11 Replies Latest reply on Nov 23, 2013 11:24 AM by philmodjunk

    Graphing the 5 most frequent items

    NaturSalus

      Title

      Graphing the 5 most frequent items

      Post

           Hello,

           What I am trying to achieve is to set up a horinzontal bar chart dynamically, so that the graph gets its values from the 5 most frequent items.

           So the first question is whether this is feasable using FM.

           If the answer is yes, then I have to figure out how to identify the 5 most frequent items.

           So let's imagine that I have the Question table that keeps track of questions asked.

      Question table fields:

             
      •           __kp_Question (number, auto-enter)
      •      
      •           QuestionSubject (text)
      •      
      •           TotalCountSubject (summary = count of QuestionSubject)

            

           The Question::QuestionSubject field gets its values from the Subject value list with the following options:

             
      •           Product
      •      
      •           Service
      •      
      •           Cost
      •      
      •           Payment
      •      
      •           Delivery
      •      
      •           Refunds
      •      
      •           Support
      •      
      •           etc

            

            

           Since I can't use a summary field to sort finds, I wonder what is the way to have listed the 5 most popular questions.

            

           Thanks

            

        • 1. Re: Graphing the 5 most frequent items
          philmodjunk
               

                    Since I can't use a summary field to sort finds,

               But you can. Check out the re-order by summary field option at the bottom of the Sort Records dialog.
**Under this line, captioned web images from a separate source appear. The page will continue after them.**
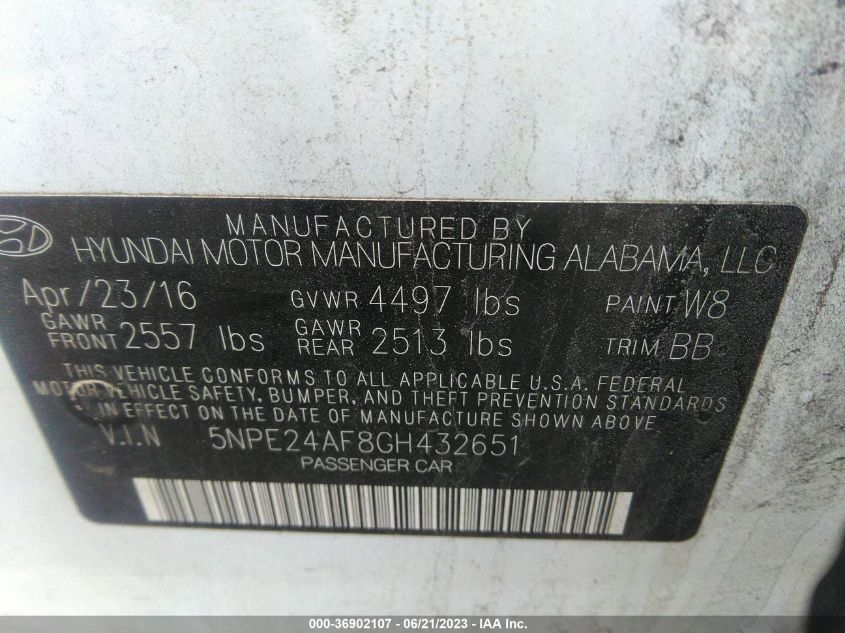 2016 HYUNDAI SONATA 2.4L SE - 5NPE24AF8GH432651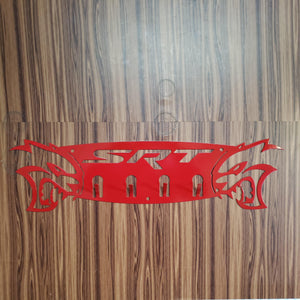 Dodge SRT Hellcat 4-Hook Steel Rack – Dual Hellcat Heads Wall Organizer 12"x4" SRT Text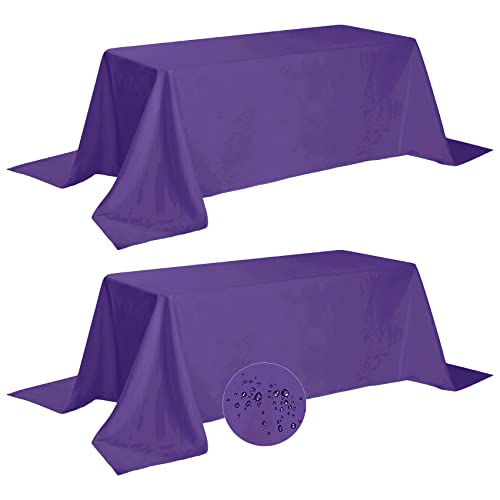 Fokitut 2 Pack Waterproof Rectangle Tablecloth, 90x132 Inch,Stain Resistant and Wrinkle Polyester Table Cloth, Fabric Table Cover for Kitchen Dining, Wedding, Party, Holiday Dinner-Purple
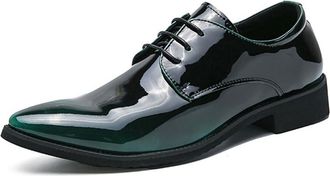 Generic Men Dress Shoes Leather Oxford Formal Shoes Pointed Toe Tuxedo Prom Wedding Uniform Wedding Shoes,Green,10 UK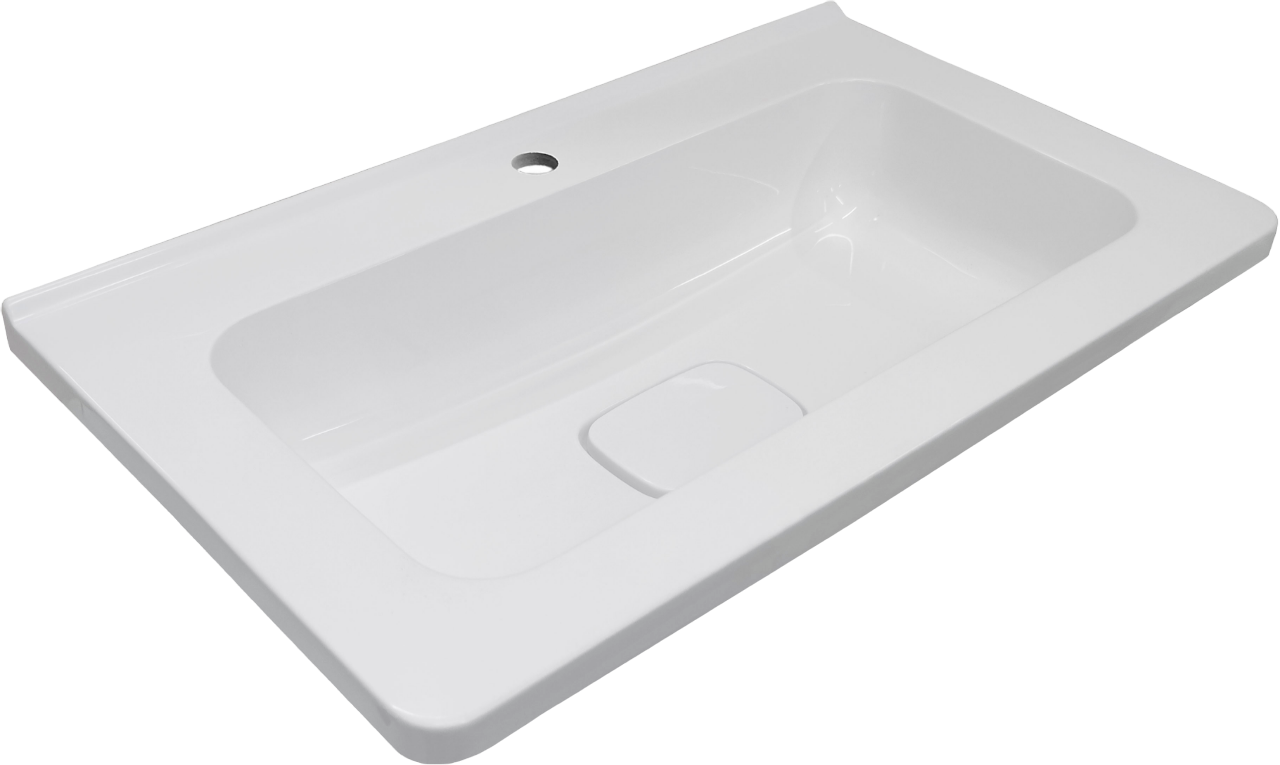 Мебельная раковина Style Line Каре Люкс Мини 70 накладная, белая, прямоугольная, искусственный мрамор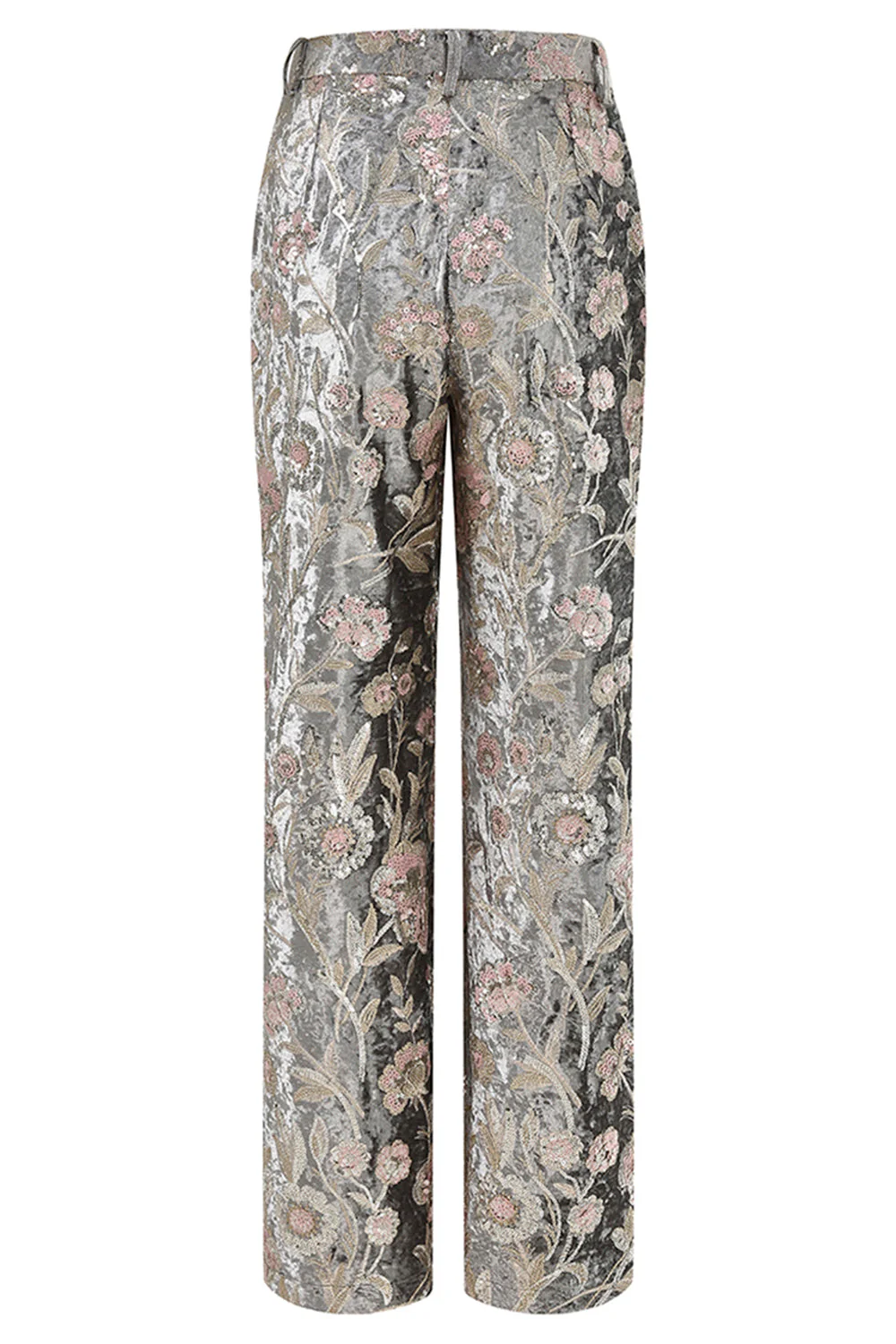 2-Piece Sparkly Grey Peak Lapel Women Suits - Image 8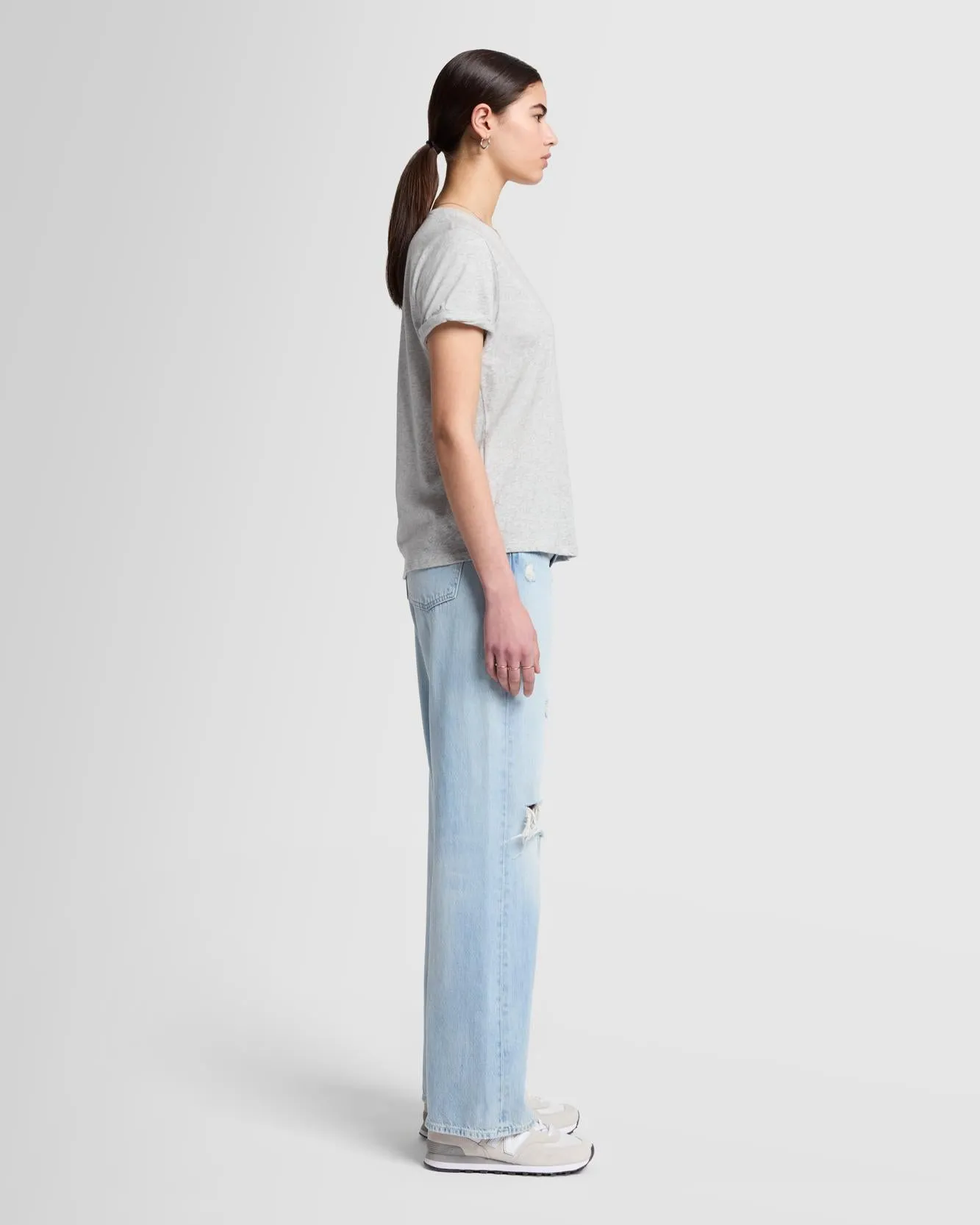 Linen Blend Tee in Grey Melange sold by 7 For All Mankind product image thumbnail 5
               But that might not be the most efficient method.

               Let's see if I can rephrase the question to make sure that I understand all the details:

               You want to chart the number of records in Question for the 5 most commonly selected values in QuestionSubject such that each bar charts the count for one of these "top 5" values.

               There are a number of ways to get these totals as a delimited list of values. ExecuteSQL is pretty much made to order to produce such a list but I seem to recall that you are still using FileMaker 11. This is still possible in v11 but the implementation details are quite different and more complex.

               So do you need a method that works in FileMaker 11?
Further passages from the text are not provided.